RSPB is concerned that such modern gardens may severely limit the availability of insects that birds including thrush, starling and sparrow need to feed their chicks. Recent studies have shown that a lack of insects to feed house sparrow nestlings is reducing survival rates.
In urban areas, where bird declines have been most dramatic, paving over front gardens to provide extra parking space is becoming increasingly common. More than one in five urban front gardens across the UK are now mostly paved, according to a report by the Royal Horticultural Society.
A surge in sales of decking witnessed over the last five years may also be a factor in the declines of insects and consequently reduced survival rates for fledglings.
The RSPB is using its annual Feed the Birds Day as a launch-pad for a UK wide drive to save the wildlife that shares our gardens.
Richard Bashford, the RSPB’s Feed the Birds Day project manager, said: “We are losing more and more of the natural environment around our homes, particularly our front gardens.

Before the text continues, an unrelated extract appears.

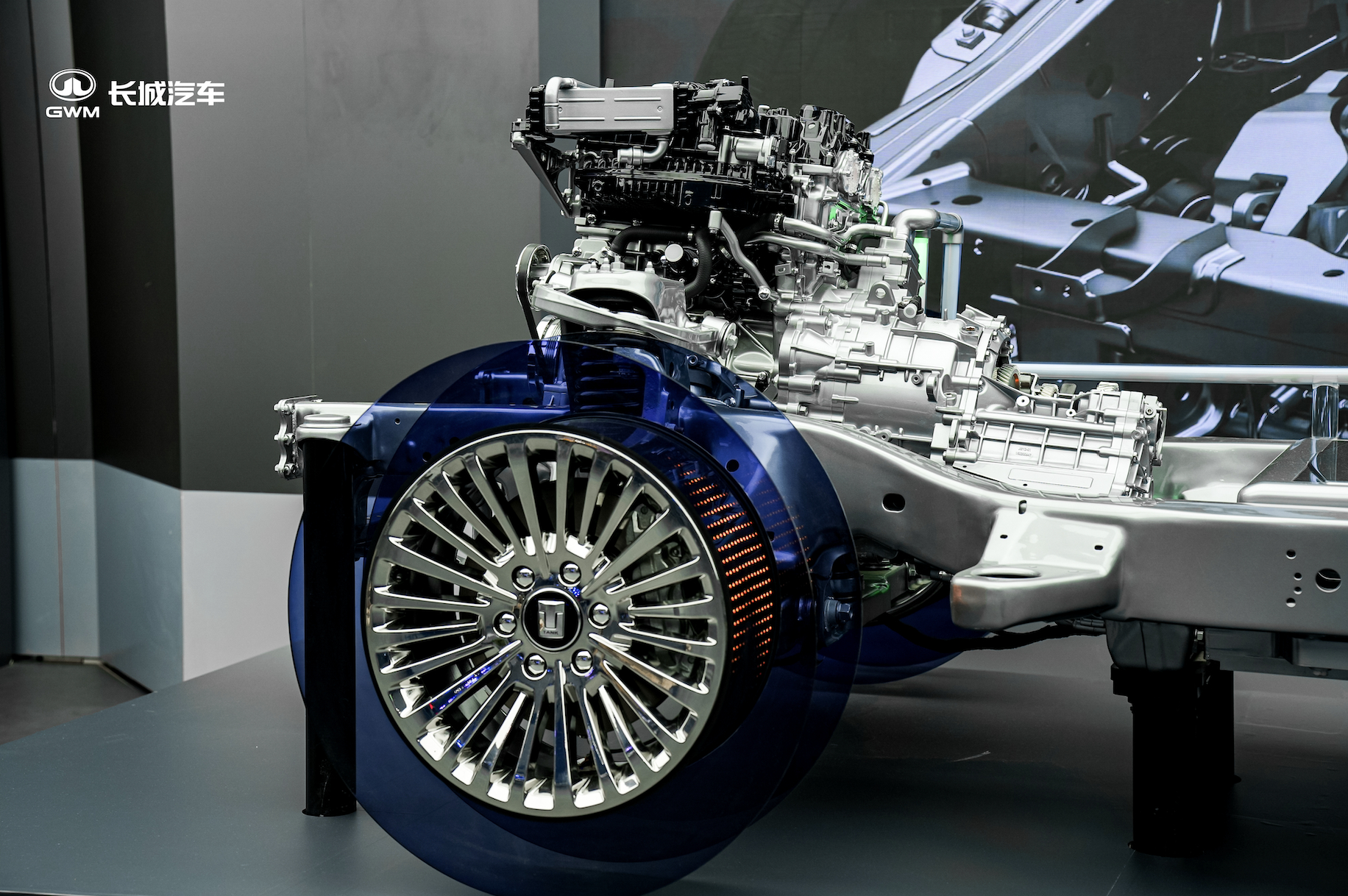 央媒力荐！长城Hi4正以中国汽车创新频繁收获《人民日报》、央视新闻等央媒点赞。这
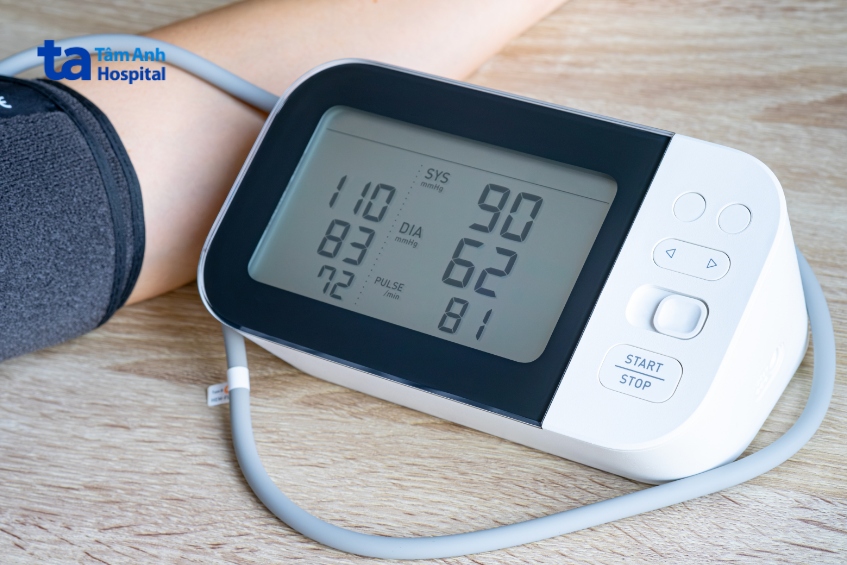 chẩn đoán huyết áp thấp khi chỉ số huyết áp tâm thu _ 90 mmhg và_hoặc huyết áp tâm trương _ 60 mmhg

Therefore it’s even more important that we help the birds by making whatever space we do have as wildlife-friendly as possible.
“Research has shown that even tiny front gardens or green verges are vital for urban wildlife, housing up to 786 different species of insect. We urge people to follow our five-point plan and help wildlife now and in the future.”
The RSPB’s five-point plan asks gardeners to:
· Plant a native shrub or climber such as honeysuckle, rose or ivy. These will not only look great in your garden but take up little space and will provide food and shelter for birds and other wildlife
· Leave patches of long grass. This will provide a home for insects eaten by house sparrows and other birds
· Leave cutting back old stems of your herbaceous plants and annuals until the Spring. Not only will you be providing shelter for insects, the birds will also eat the seeds
· Ensure a supply of fresh water every day in a shallow dish, small water feature or if you have room build a pond! This will attract insects and aquatic plant seeds that birds can feed on, as well as giving them somewhere to drink and bathe
· Supplement natural food sources all year round with feeders and bird tables filled with nuts, seeds and household scraps. This will provide birds with alternative food if insects and plant seeds are hard to find.
Richard added: “The RSPB is still investigating the causes of declines and why bird populations aren’t recovering, currently there is no one factor this can be attributed to. However supplementing natural food with seeds and nuts and planting natural food sources for next Spring can only help.”